Patrick Chinamasa said in a radio interview that a payment plan agreed with foreign lenders in 2015 in Lima, Peru, could only proceed once Zimbabwe has reduced its fiscal deficit from around 10 percent of gross domestic product, cut its wage bill from 92 percent of the budget and increased its import cover.
Chinamasa said the government had negotiated a cheaper loan to pay the $1.8 billion but had decided against paying after realising that the country could still remain in a debt cycle if it did not address its economic problems.
He did not give the source of the new loan but said Zimbabwe was paying 15 percent a year on its World Bank loan. Zimbabwe’s total foreign debt is more than $7 billion.
“When we think that the economic fundamentals of our economy are right, we then are in a position to repay the World Bank and the AfDB,” Chinamasa told talk-show radio CapitalkFm.
“We need to put ourselves in a position that is sustainable in terms of honouring our obligations.

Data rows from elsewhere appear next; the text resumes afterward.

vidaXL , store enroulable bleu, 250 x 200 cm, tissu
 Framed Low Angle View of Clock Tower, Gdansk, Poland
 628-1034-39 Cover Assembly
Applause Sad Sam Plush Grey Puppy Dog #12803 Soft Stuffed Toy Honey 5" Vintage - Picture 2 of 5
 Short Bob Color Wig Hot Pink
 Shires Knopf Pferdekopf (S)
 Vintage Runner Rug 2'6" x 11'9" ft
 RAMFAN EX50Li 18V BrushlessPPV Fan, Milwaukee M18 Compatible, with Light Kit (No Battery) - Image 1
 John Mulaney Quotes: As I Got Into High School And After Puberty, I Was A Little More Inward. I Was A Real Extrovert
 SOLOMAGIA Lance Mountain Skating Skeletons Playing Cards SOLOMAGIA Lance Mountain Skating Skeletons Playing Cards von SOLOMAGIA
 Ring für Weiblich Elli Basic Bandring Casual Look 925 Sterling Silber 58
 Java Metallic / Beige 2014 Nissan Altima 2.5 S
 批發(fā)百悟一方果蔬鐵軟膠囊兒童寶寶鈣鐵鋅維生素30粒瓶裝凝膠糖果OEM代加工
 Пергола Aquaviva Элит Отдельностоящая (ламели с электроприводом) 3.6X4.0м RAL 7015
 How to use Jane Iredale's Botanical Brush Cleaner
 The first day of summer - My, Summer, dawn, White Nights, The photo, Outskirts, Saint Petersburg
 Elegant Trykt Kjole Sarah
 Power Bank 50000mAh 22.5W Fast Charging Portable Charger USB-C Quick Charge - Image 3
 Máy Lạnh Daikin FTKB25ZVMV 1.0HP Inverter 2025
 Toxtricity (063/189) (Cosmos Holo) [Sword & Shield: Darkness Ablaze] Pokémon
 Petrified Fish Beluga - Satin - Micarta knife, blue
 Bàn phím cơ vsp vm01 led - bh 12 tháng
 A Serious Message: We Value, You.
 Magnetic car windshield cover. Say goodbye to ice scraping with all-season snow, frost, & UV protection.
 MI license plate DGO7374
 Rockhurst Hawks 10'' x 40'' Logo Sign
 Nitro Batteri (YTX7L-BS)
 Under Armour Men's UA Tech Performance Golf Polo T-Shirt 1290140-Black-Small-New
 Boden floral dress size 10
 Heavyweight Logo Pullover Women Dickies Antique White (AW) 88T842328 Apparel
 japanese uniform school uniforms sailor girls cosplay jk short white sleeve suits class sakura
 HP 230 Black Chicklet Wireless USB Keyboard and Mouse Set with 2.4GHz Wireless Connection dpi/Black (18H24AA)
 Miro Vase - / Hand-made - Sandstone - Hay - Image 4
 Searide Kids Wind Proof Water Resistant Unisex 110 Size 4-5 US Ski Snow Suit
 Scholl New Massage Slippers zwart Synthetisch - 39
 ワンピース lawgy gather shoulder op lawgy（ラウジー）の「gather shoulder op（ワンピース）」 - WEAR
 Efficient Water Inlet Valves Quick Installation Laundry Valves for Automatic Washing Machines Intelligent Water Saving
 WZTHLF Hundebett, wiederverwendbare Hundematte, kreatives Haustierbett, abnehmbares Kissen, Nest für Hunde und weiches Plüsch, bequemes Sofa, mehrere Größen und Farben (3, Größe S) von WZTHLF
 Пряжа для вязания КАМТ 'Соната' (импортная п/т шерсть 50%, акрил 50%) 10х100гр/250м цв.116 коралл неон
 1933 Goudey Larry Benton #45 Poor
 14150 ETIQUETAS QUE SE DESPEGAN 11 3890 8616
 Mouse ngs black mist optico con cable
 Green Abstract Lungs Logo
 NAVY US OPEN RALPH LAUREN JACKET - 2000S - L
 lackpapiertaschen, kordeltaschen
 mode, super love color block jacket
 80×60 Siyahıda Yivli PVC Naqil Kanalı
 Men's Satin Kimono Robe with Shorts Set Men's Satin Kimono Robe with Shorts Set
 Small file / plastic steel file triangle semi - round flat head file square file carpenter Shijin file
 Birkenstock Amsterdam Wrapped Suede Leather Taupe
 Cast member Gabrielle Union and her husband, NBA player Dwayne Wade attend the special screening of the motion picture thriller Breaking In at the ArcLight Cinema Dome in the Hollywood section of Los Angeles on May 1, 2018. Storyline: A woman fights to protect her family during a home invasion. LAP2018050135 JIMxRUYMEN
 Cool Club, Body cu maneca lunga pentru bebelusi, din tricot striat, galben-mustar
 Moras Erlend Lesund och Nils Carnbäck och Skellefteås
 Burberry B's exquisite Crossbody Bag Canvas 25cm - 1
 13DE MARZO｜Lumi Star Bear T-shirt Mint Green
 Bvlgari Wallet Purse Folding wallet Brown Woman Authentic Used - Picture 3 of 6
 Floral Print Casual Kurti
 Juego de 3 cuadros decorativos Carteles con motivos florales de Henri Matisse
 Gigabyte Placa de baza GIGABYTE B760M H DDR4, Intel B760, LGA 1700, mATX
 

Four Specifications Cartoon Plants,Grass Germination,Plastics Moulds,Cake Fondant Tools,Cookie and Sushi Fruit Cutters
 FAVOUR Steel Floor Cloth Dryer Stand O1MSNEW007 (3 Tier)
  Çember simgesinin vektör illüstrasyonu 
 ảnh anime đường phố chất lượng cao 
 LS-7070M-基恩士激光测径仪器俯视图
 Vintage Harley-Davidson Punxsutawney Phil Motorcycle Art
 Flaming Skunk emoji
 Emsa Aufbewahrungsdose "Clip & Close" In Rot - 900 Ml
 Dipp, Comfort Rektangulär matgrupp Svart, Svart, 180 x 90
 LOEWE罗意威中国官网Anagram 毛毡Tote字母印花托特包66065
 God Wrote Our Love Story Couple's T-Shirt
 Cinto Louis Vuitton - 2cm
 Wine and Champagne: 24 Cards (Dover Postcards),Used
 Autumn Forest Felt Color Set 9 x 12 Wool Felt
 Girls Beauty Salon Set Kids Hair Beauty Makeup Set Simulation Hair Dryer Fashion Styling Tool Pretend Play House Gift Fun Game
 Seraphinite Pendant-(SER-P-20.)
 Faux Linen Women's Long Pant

So, to that extent the ball is in our court.”
In April, Chinamasa said Zimbabwe had met all conditions to pay the World Bank and AfDB after clearing its outstanding dues to the International Monetary Fund last October.
Zimbabwe, which ditched its hyperinflation-wrecked currency for the U.S dollar in 2009, has since last year grappled with acute shortages of dollars.
Chinamasa blamed the shortages on “market indiscipline” and “lack of confidence by major economic players” in the economy.
He said to try manage scarce foreign exchange all export earnings from diamonds, gold, tobacco, platinum and ferrochrome would be managed by the central bank.